- _THE RECORDS_
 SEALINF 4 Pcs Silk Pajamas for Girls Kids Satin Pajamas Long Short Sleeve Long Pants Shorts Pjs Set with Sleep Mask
* * *
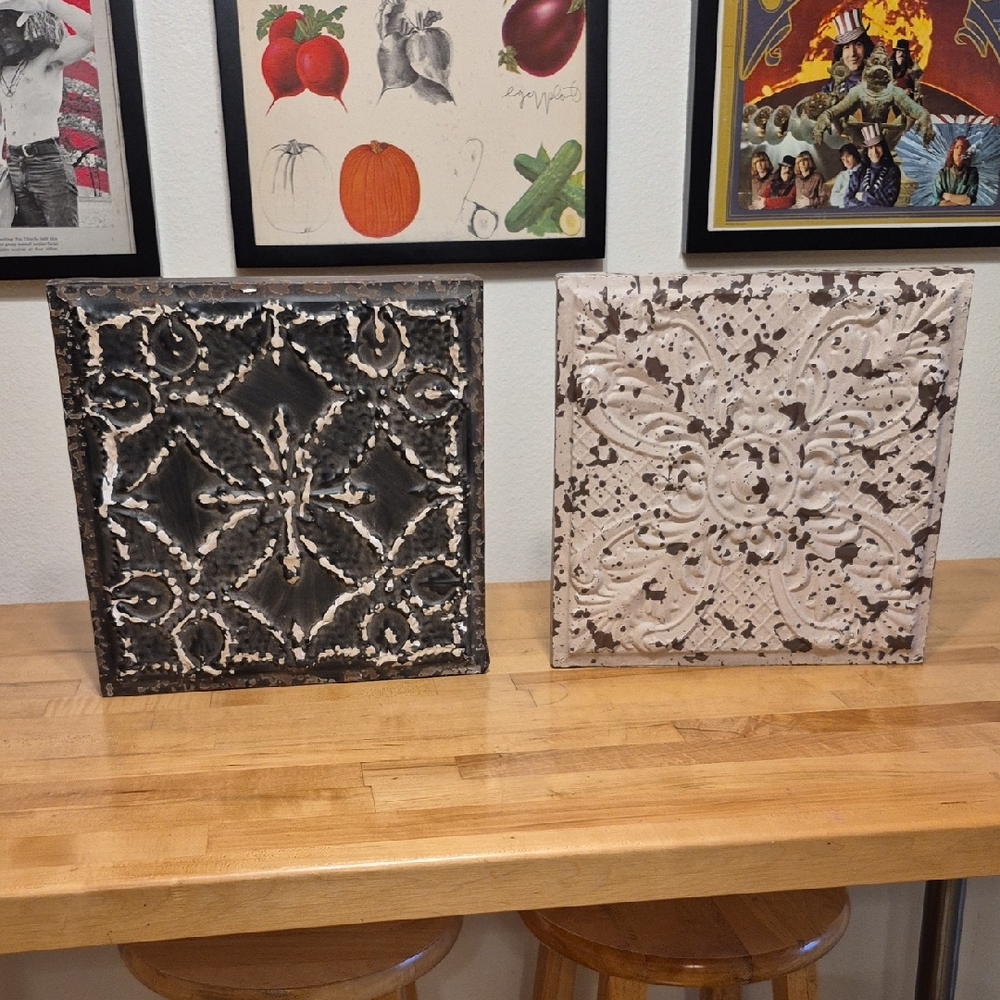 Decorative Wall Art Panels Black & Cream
* * *
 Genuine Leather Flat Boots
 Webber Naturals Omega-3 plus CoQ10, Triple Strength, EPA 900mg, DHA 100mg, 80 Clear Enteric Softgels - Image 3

- _WHAT THE EXERCISE ASKS_
Copy the entries above exactly, but only from the line holding "Genuine Leather Flat Boots" through the line holding "Webber Naturals Omega-3", both included.

- _TASK OUTPUT_
 Genuine Leather Flat Boots
 Webber Naturals Omega-3 plus CoQ10, Triple Strength, EPA 900mg, DHA 100mg, 80 Clear Enteric Softgels - Image 3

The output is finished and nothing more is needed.